Posto isto, constata-se que está em causa, em sede recursória, saber se existe título executivo que legitime a propositura da presente acção executiva contra: Sandra e Ângela.

A sentença proferida pelo Tribunal “a quo”, depois de dissertar sobre a noção de título executivo, decidiu pela inexistência de título executivo em relação a ambas Executadas, concluindo nos seguintes termos:

No caso dos autos “temos que é dado à execução um contrato de mútuo celebrado entre os Exequentes Pedro e Justino. Não constam como outorgantes de tal contrato as executadas Sandra e Ângela, com quem os executados seriam casados à data da escritura.

Temos assim que inexiste título executivo quanto às referidas Sandra e Ângela.

Pelo exposto, ao abrigo do disposto nos arts. 812º-E, nº 1, al. a) e 820º, nºs 1 e 2, ambos do CPC, na versão resultante do Decreto-lei nº 226/2008, de 20 de Novembro (aplicável às execuções entradas em juízo a partir de 31 de Março de 2009), rejeito a execução quanto a Sandra e Ângela, por ser manifesta a falta de título quanto às mesmas e ordeno o levantamento das penhoras efectuadas sobre bens da sua titularidade”.

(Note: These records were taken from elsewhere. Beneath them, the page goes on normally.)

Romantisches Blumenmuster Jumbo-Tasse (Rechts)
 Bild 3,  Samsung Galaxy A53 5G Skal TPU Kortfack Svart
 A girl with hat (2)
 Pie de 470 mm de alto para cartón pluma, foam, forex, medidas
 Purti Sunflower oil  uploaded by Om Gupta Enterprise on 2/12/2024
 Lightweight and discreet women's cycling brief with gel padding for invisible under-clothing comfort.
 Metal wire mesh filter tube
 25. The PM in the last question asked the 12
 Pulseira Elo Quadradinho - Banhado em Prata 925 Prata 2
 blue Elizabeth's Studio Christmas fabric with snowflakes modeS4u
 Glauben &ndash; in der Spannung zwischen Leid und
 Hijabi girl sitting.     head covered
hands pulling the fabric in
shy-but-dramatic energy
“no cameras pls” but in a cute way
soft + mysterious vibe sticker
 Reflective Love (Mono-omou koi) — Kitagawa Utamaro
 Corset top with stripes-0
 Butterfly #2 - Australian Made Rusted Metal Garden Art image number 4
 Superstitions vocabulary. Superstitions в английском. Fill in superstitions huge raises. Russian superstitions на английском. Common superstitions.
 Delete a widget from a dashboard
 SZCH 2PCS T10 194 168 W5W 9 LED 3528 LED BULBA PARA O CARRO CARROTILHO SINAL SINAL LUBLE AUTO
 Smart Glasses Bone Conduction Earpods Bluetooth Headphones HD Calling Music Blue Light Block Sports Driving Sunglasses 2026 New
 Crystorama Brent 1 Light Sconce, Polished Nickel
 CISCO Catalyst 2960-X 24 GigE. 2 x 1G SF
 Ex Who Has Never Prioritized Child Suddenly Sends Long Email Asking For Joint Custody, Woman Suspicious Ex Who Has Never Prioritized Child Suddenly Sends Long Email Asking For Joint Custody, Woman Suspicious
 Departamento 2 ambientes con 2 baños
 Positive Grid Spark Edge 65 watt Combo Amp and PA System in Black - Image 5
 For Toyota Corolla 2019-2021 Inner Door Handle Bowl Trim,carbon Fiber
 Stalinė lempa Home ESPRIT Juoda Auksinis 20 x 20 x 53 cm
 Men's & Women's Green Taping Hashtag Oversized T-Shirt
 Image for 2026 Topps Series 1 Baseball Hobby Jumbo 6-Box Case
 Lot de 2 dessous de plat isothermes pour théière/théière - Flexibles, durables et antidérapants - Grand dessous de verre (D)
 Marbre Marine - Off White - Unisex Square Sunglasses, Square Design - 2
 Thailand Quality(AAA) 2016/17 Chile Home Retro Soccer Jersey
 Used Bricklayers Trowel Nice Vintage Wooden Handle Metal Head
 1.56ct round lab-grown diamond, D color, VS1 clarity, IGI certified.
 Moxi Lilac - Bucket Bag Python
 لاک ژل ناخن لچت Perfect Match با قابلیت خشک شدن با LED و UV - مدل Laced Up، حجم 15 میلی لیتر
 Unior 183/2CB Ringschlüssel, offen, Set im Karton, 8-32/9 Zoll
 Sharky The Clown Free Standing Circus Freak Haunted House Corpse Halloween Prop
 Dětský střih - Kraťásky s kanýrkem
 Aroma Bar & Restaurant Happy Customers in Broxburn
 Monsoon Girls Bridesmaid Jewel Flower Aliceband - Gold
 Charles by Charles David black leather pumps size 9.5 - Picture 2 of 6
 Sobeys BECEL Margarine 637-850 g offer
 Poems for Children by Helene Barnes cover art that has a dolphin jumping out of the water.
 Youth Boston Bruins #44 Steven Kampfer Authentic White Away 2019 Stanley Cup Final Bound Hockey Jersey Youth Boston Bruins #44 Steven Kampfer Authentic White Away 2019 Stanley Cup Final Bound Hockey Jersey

Insurgiram-se os Exequentes contra o decidido, contudo, desde já se adianta que não lhes assiste razão.

Vejamos porquê.

2. Dissecando o conceito e a função jurídica do título executivo, centrado na problemática que urge decidir, e reflectindo sumariamente sobre a causa de pedir na acção executiva e o acervo patrimonial susceptível de penhora, e sem repetições inúteis do que se mostra aduzido nos autos, diremos que:

O processo executivo visa realizar coercivamente um direito já afirmado. E de acordo com a sua função legal, como toda a execução tem por base um título, pelo qual se determinam o fim e os limites da acção executiva (art. 45.º n.º 1 do CPC) facilmente se percebe que aquela afirmação deve necessariamente constar do título executivo.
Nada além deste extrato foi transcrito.